-------- EXERCISE DATA
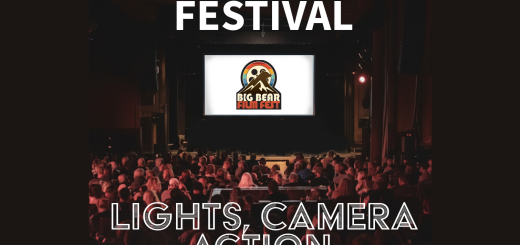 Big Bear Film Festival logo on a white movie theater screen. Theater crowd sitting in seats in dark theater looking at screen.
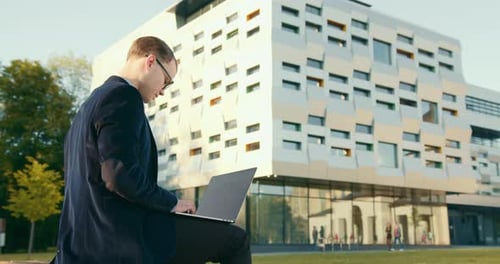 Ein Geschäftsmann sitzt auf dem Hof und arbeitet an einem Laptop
----------------
-------- EXERCISE DATA
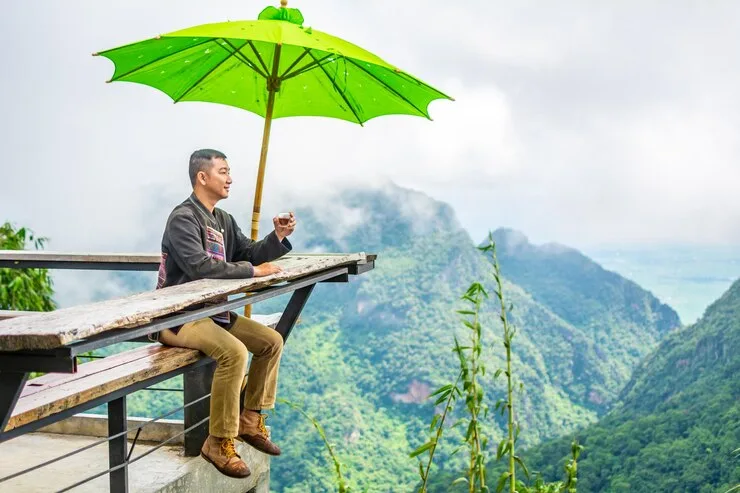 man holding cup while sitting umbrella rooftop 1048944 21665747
----------------
-------- EXERCISE DATA
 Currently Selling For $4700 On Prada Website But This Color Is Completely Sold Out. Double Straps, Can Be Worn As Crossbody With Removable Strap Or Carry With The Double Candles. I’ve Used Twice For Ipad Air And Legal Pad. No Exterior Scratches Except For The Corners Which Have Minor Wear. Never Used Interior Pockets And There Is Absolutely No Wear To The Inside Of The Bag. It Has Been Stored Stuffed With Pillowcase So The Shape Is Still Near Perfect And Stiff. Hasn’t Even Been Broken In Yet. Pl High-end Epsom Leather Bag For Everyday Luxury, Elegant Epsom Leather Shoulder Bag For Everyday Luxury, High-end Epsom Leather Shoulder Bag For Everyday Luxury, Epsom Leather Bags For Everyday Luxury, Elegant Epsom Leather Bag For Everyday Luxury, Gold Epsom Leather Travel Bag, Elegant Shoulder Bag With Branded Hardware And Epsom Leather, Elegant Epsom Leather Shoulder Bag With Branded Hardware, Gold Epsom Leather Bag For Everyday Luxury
----------------
PROBLEM
Retype the lines above exactly as they appear, from the line containing "Big Bear Film" through the line containing "Ein Geschäftsmann sitzt", and leave out any pictures.

WORKED SOLUTION
 Big Bear Film Festival logo on a white movie theater screen. Theater crowd sitting in seats in dark theater looking at screen.
 Ein Geschäftsmann sitzt auf dem Hof und arbeitet an einem Laptop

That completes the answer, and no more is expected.